New York City's community boards are known for being thorns in the side of city government, lobbying, often effectively, to influence the policy of councilmembers and city agencies. But it's rare to see a community board — by design the lowest wrung of municipal government — challenge the President of the United States. And it's even rarer to see them making headway.

That's the case in Lower Manhattan, where a Community Board 1 committee has taken a strong stance against President Obama and Attorney General Eric Holder's plans to try Khalid Shaikh Mohammed and four other suspected 9/11 plotters in a Downtown federal courthouse.

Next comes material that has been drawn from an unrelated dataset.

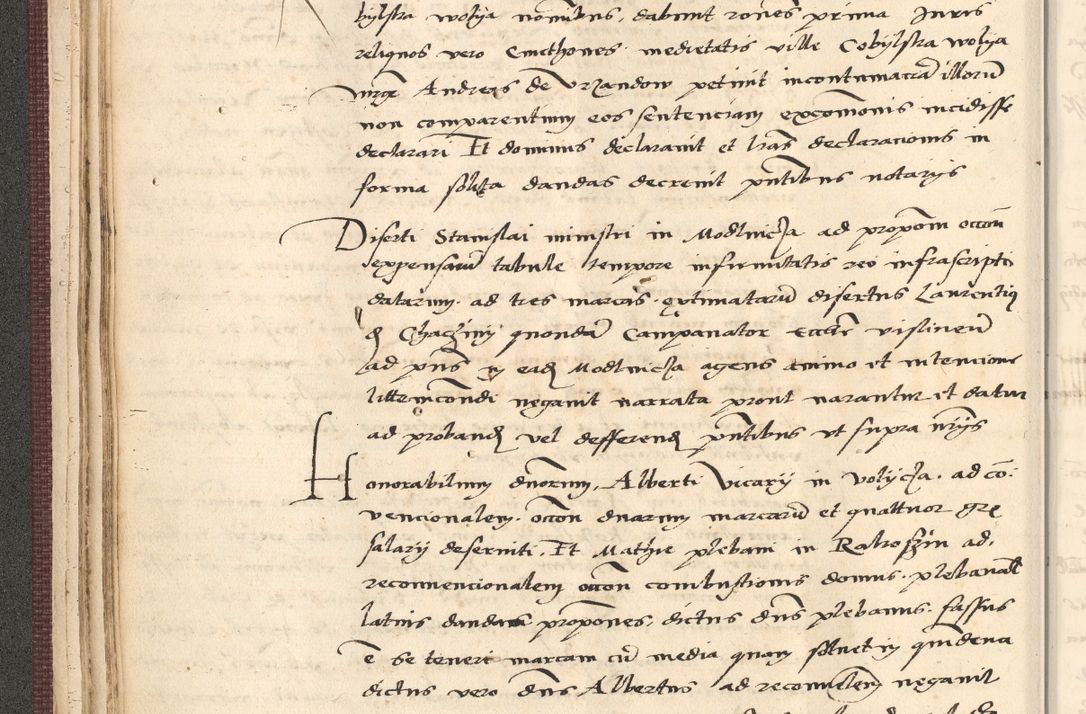 Zdjęcie nr 76 dla obiektu archiwalnego: Acta actorum, obligacionum sententiarumque tam interlocutoriarum quam diffinitivarum coram reverendo domino Thoma Roschnowsky canonico et officiali Cracoviensi generali ad annum Domini 1534, indicione septima, pontificatus sanctissimi in Christo patris domini et domini Clementis pape septimi, anno ipsius undecimo vel alias, ut dicitur vacante sede apostolica feliciter continuantur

According to Fox, the group voted unanimously to request the Justice Department relocate the terror trial to Governor's Island over concerns that hosting it in Manhattan would be too dangerous, too costly, too much of a risk for local business owners, and too much of a political liability. And Police Commissioner Ray Kelly seems supportive of the idea, telling NY1: "We certainly are open to that suggestion."

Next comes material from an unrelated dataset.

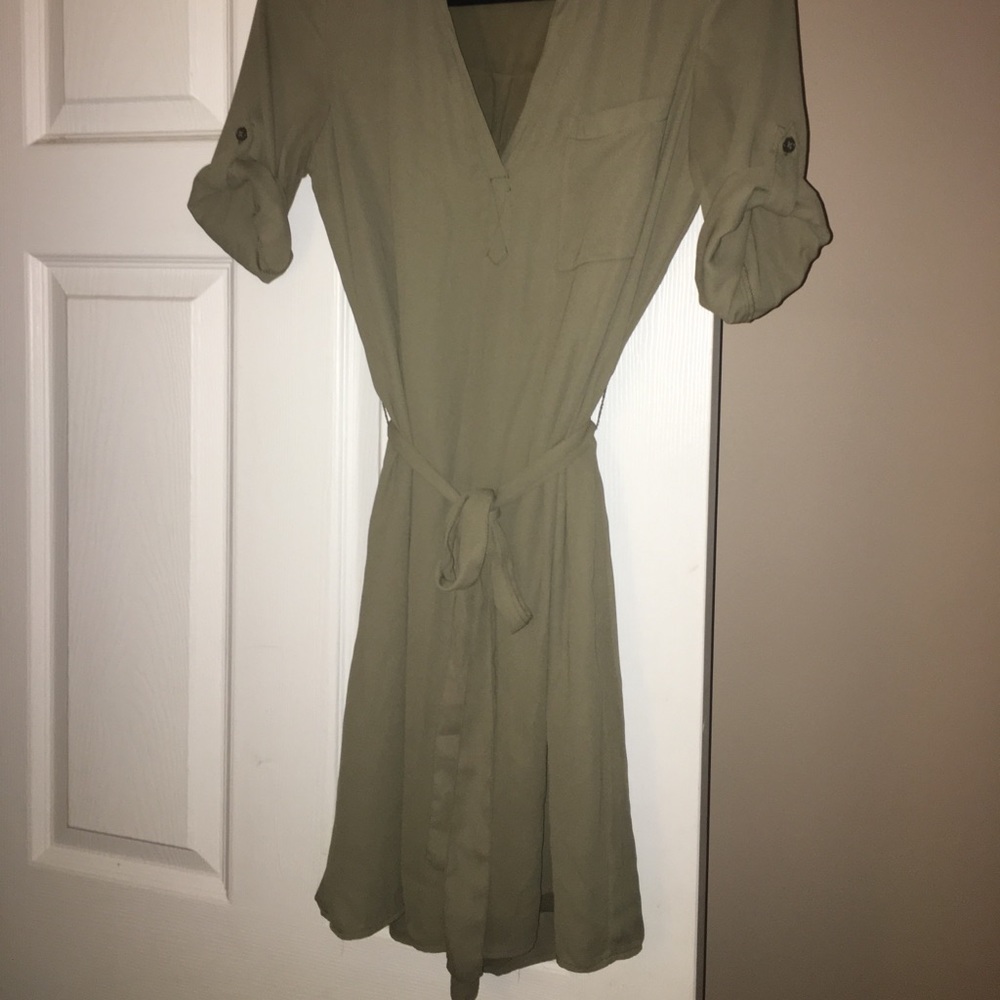 NY&C Olive Green Dress with belt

Though Kelly noted that the city was "not part of the decision-making process" and that his agency is "going on with our planning as if the trial will take place in the Daniel Patrick Moynihan Courthouse," it's certainly a victory for the board. In an interview with Gothamist, CB1 chair Julie Menin — who has started the website — said it makes more sense to deputize a Governor's Island building than it does to try the case in Manhattan. "The new cost estimates by the NYPD for security of over $200 million a year suggest the Lower Manhattan courthouse is inherently not safe. In this economic recession, to spend close to $1 billion on security for a multi-year trial makes no sense," she said. "Governors Island offers a political compromise between those Republicans who want a less public setting, and those Democrats who favor a federal courthouse setting."